Но в этот раз я выступаю один. Концерт в красном уголке общежития метрополитена. В зале пять человек. Безразличные ко всему, что было и будет, лица. В зимних сапогах на сцену выходит ведущая «Москонцерта» Софья Вильчук: «Уважаемые товарищи, добрый вечер, здрас-с-сте! Начинаем концерт мастеров искусств», — говорит она с еще большей апатией, нежели у зрителей в зале. «Зимние сапоги» уходят со сцены, выходят «лакированные туфли» во фраке и баянист. Пожилой, потрепанный вокалист поет о счастливой любви. Зал уныло аплодирует. Певец кланяется — видно, что он взволнован. Красный уголок общежития метрополитена заполняют звуки баяна, и надтреснутый голос вновь поет о любви. На последних аккордах появляется Софья Вильчук и представляет немолодую оперную певицу. Несколькими минутами раньше руководство клуба любезно предложило ей переодеться в мужском туалете, поскольку общежитие сугубо мужское. Певица решительно отказалась от этой услуги. Она выходит на сцену в зеленой вязаной кофте, короткой плиссированной юбке и коротких сапожках на каблуках. Ее голос в маленьком красном уголке кажется сверхъественным, но в зале ничему не удивляются. Даже тому, что во время музыкальной исповеди начала XIX века через сцену в пальто и шляпах невозмутимо проходят, спускаются в зал и хлопают дверью баянист с баяном на плече и певец с костюмом и лакированными туфлями в руках.
«Следующий номер, — объявляет Софья Вильчук, — Секретарь партбюро театра имени Станиславского Леонид Зверинцев!» До выхода на сцену он мучительно решал проблему: надевать костюм или нет. Несколько раз он подходил к вешалке, растеряно смотрел на окружающих: «Ну, как же это? — повторял он. — Неудобно как-то…» «Да бросьте вы», — отвечали ему. Он отходил от вешалки и словно загипнотизированный возвращался вновь, спрашивал: «Ну, это же как-то?..» «Перестаньте!» — сердились на него, и более всех Вильчук.
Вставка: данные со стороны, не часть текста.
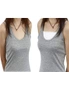 Women's Accessories 3 Pcs Lace Trim Clip On Cleavage Cover For Women Bra, hi-res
И вот он стоит на сцене в джинсах с яркой заплатой на пикантном месте, в сапогах на каблуках и в джинсовой рубахе. Он читает стихи. В громком пафосе и напоре кувыркаются, падают с ног, ломают шеи Есенин, Маяковский, Фет… Он читает без переходов, без пауз. Поэты вновь сталкиваются лбами, а самым крепким остается лоб секретаря парткома театра.
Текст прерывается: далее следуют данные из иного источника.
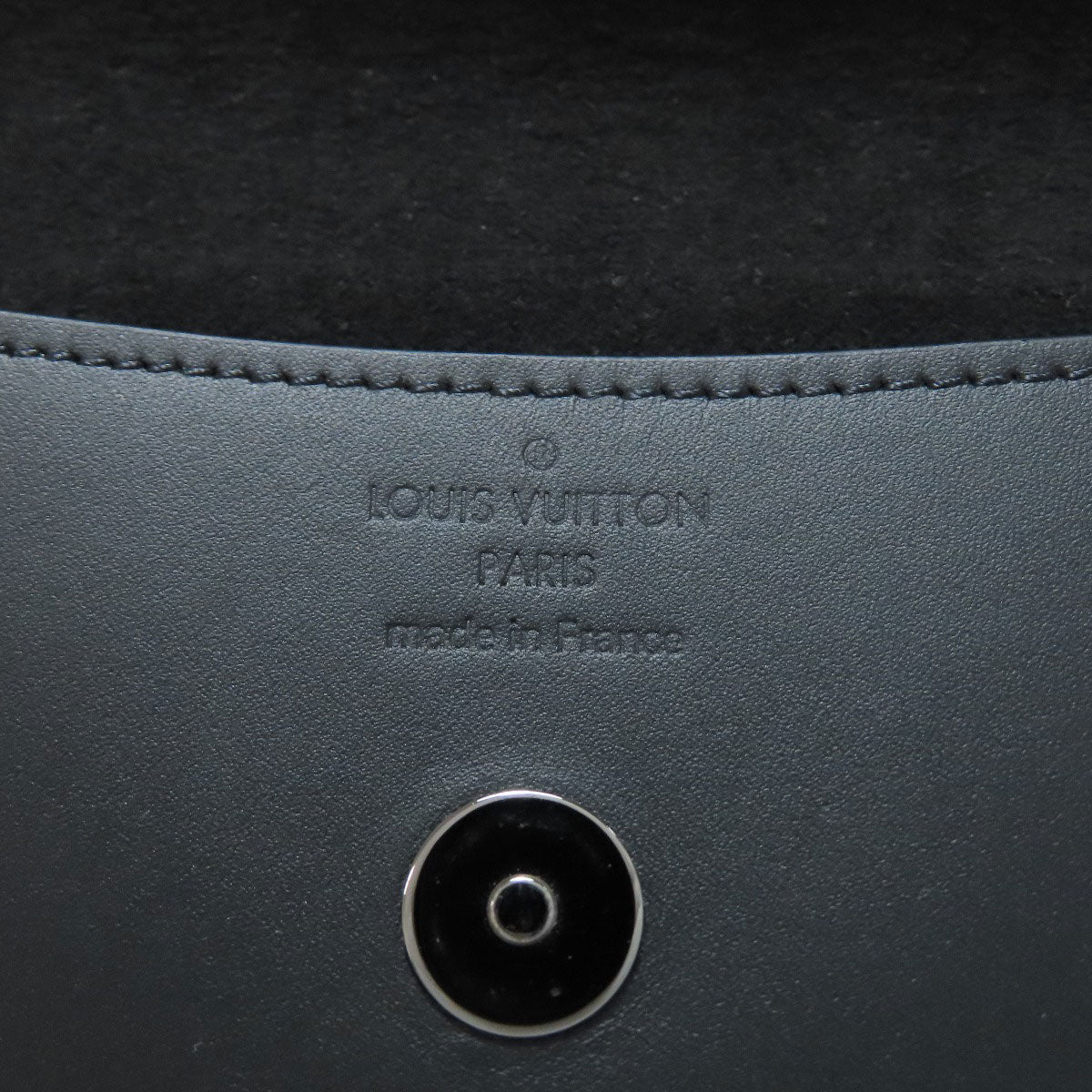 LOUIS VUITTON GI0296 Etui Lunette Eyeglass Case Accessory case Monogram Eclipse Ladies [Used]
В это время в зале идет своя жизнь. Последовав примеру певца и баяниста, двое зрителей выходят. Зато входят трое других, со всеми оставшимися обмениваются рукопожатиями. Единственный, кому не пожали руку, — чтец на сцене. И он, то ли обиженный, то ли исчерпав свой поэтический запас, уходит. С миной на лице флегматичный голос Софьи Вильчук объявляет: «Выступает артист театра имени Максима Горького („Максима“ она произносит так, будто в детстве возилась с ним в одной песочнице) Игорь Верник. Он исполнит литературно-музыкальную композицию по стихам погибших поэтов». Где погибших, когда и почему — она разъяснять не стала, впрочем, и зрителям это не требовалось. Температура воздуха за окном минусовая. На сцене от моего волнения — максимально плюсовая. В зале все это время — нулевая. Во время моего выступления Софья Вильчук одевается, и уже в пальто, проходя через зал, успевает объявить, что концерт мастеров окончен и до новых встреч, товарищи. 9 часов вечера, 15 октября 1986 года. И теперь 4 рубля 50 копеек ожидают меня в кассе филармонии в конце месяца.
1987
1989
Сегодня во время репетиции спектакля «Иванов» по Чехову у меня из рук выпали несколько страниц пьесы, упали на пол. Я тут же сел на них. Примета такая, чтобы текст не забыть и роль сложилась. Поднимаясь, я встретился глазами с Иннокентием Михайловичем Смоктуновским. «Знаете что, Игорь, — с мягкой, вкрадчивой, особенной его интонацией сказал он, — не надо суеверить, надо верить. Так мне кажется».